# Problem description:
Among the entries that follow, locate the line with "Tool & Supply" and the line with "Crochet Pants and". Output those lines and all lines in between, exactly, minus the pictures.

# Raw data:
++++++
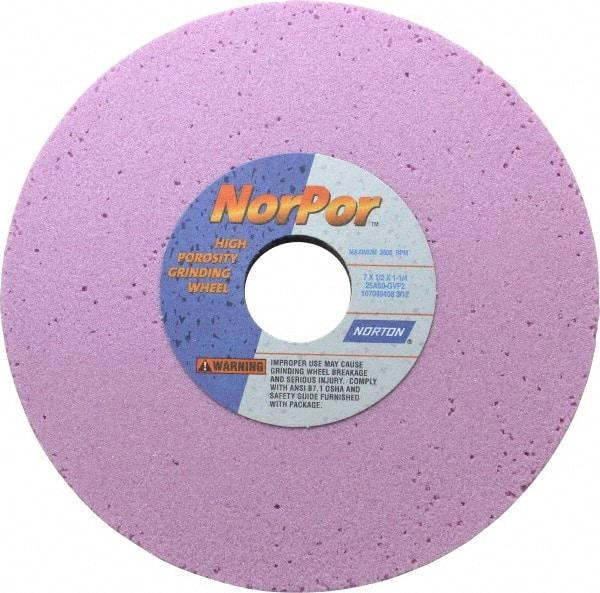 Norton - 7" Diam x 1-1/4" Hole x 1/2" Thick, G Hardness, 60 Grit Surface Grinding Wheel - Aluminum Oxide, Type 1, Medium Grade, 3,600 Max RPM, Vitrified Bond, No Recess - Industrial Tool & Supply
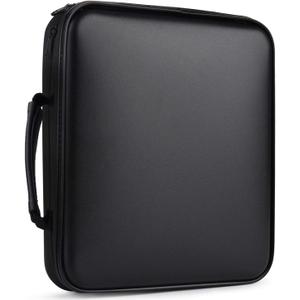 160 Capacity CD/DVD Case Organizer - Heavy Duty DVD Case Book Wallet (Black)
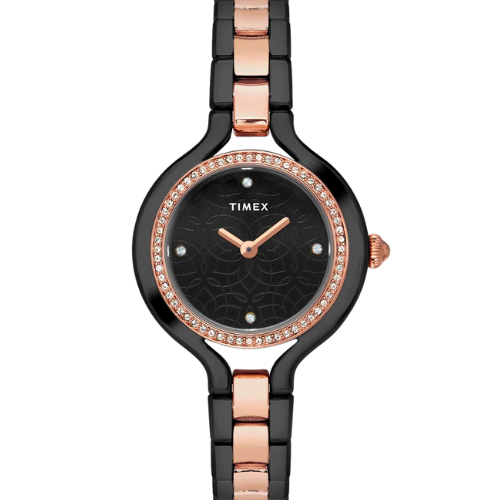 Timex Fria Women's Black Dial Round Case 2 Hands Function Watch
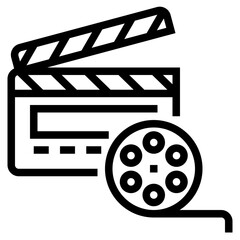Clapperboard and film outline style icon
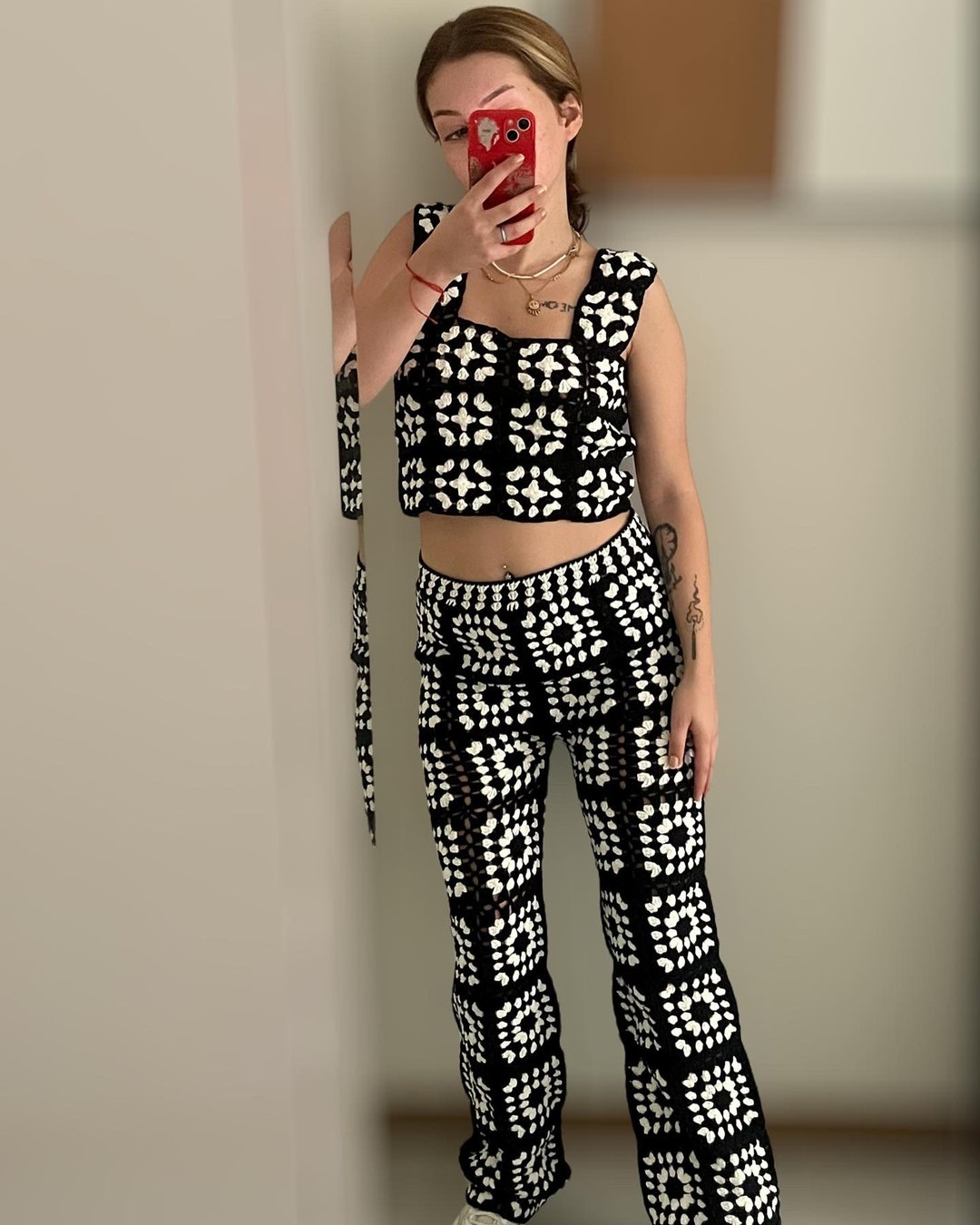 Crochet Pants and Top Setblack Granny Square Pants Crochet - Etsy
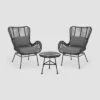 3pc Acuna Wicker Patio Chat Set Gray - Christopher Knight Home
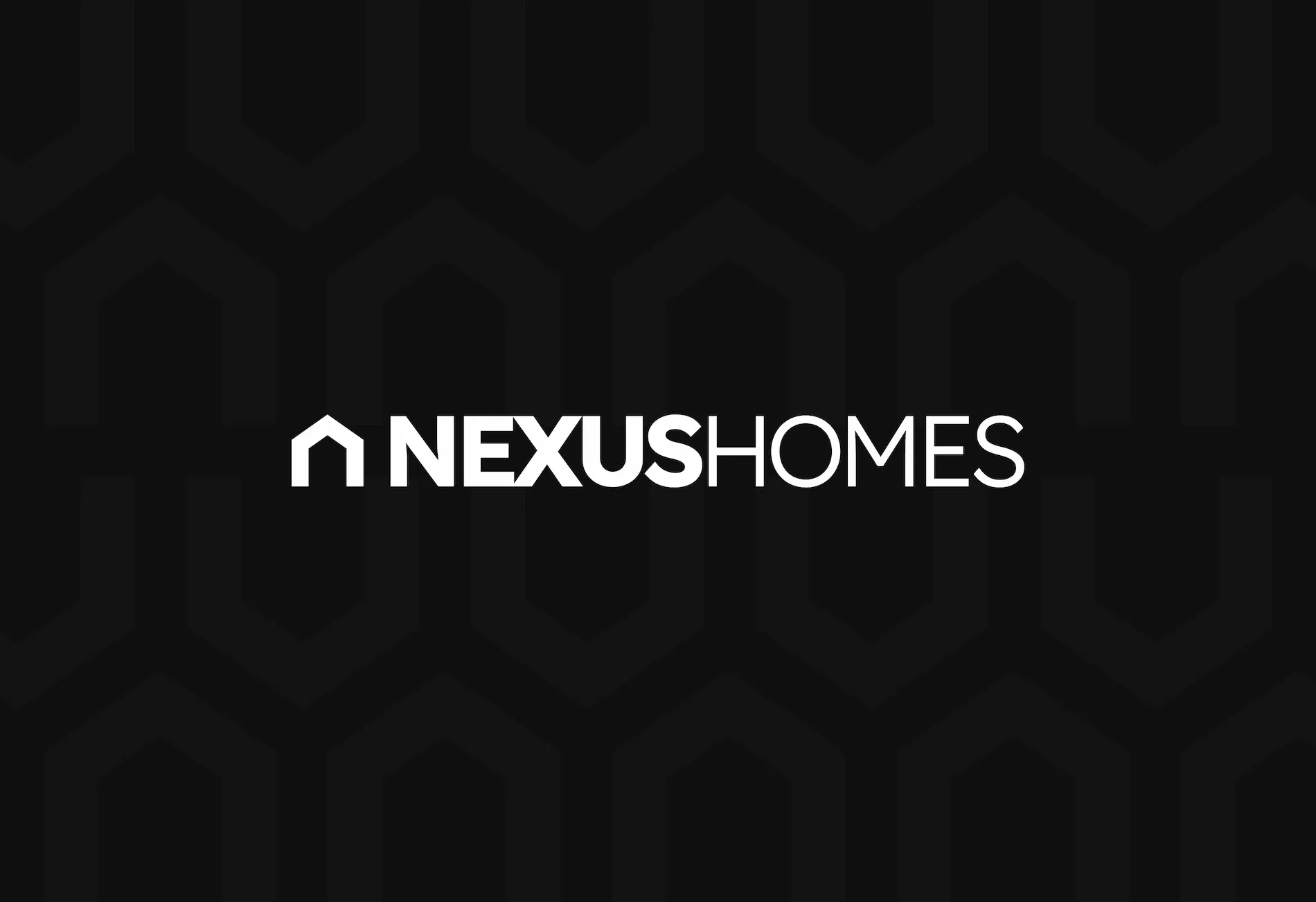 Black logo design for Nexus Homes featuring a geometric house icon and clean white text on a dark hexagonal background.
++++++
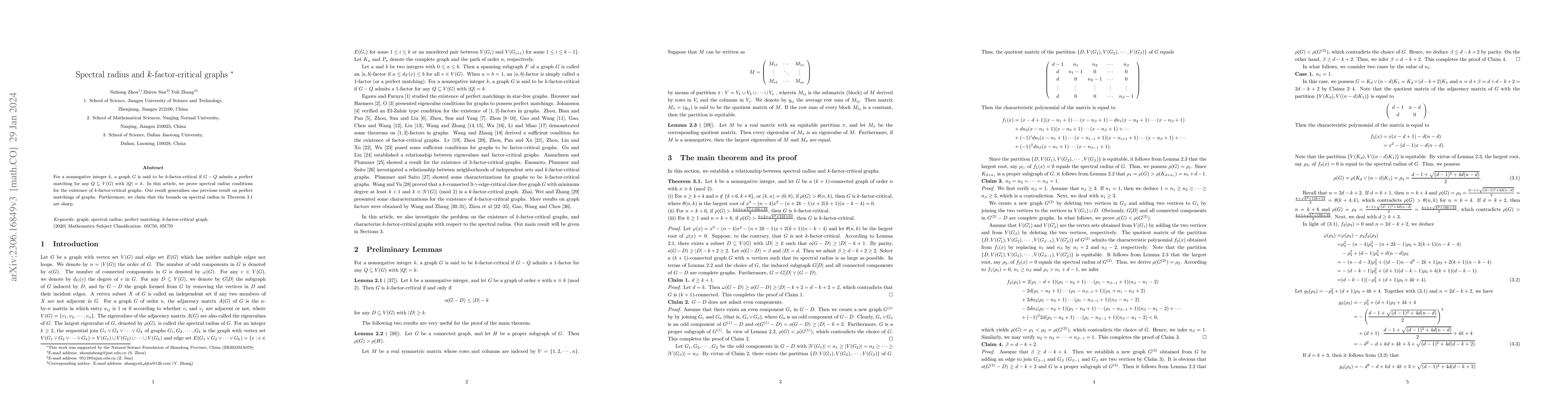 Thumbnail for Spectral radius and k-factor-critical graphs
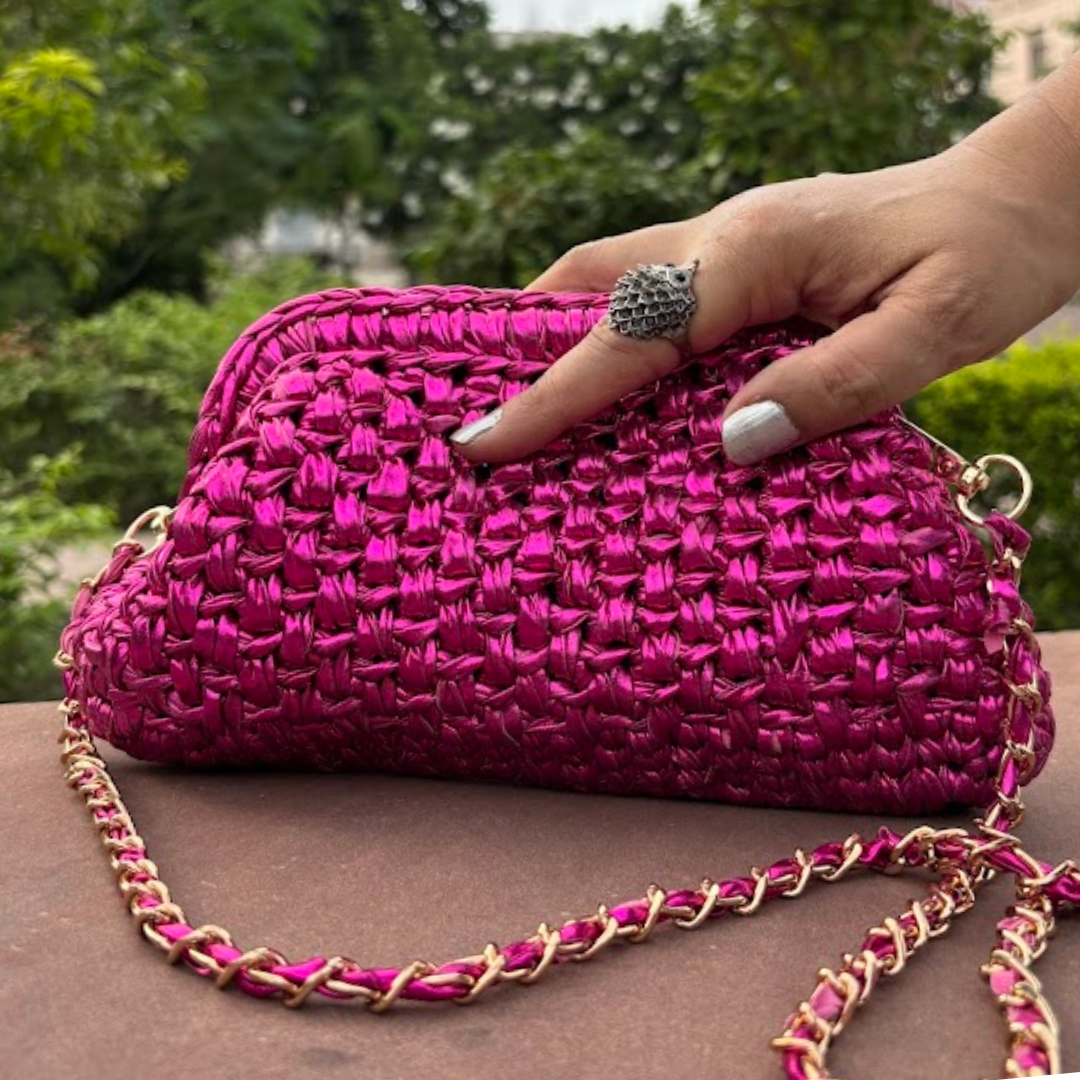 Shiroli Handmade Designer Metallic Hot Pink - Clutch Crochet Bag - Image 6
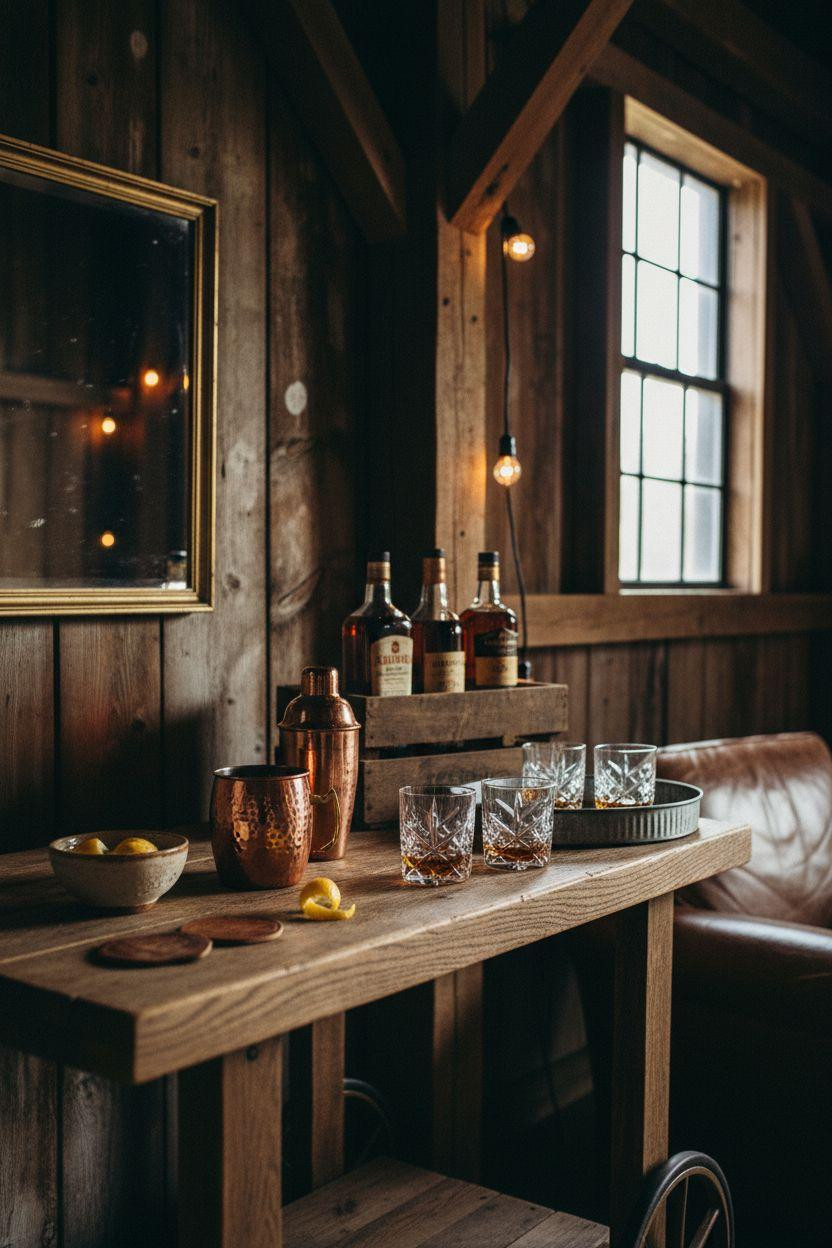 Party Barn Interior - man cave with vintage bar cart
++++++
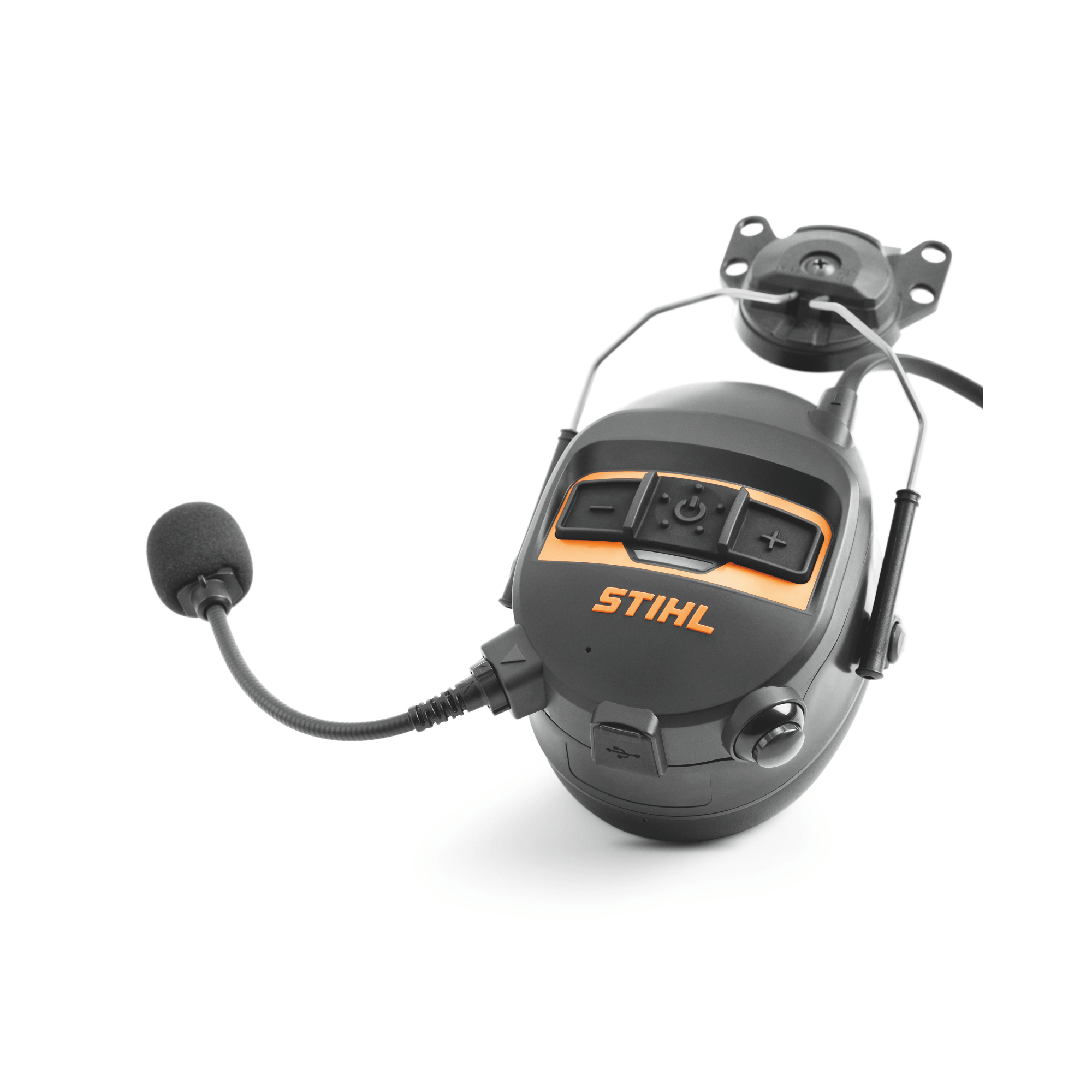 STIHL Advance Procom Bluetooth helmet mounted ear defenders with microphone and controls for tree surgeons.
++++++
# Task response:
 Norton - 7" Diam x 1-1/4" Hole x 1/2" Thick, G Hardness, 60 Grit Surface Grinding Wheel - Aluminum Oxide, Type 1, Medium Grade, 3,600 Max RPM, Vitrified Bond, No Recess - Industrial Tool & Supply
 160 Capacity CD/DVD Case Organizer - Heavy Duty DVD Case Book Wallet (Black)
 Timex Fria Women's Black Dial Round Case 2 Hands Function Watch
Clapperboard and film outline style icon
 Crochet Pants and Top Setblack Granny Square Pants Crochet - Etsy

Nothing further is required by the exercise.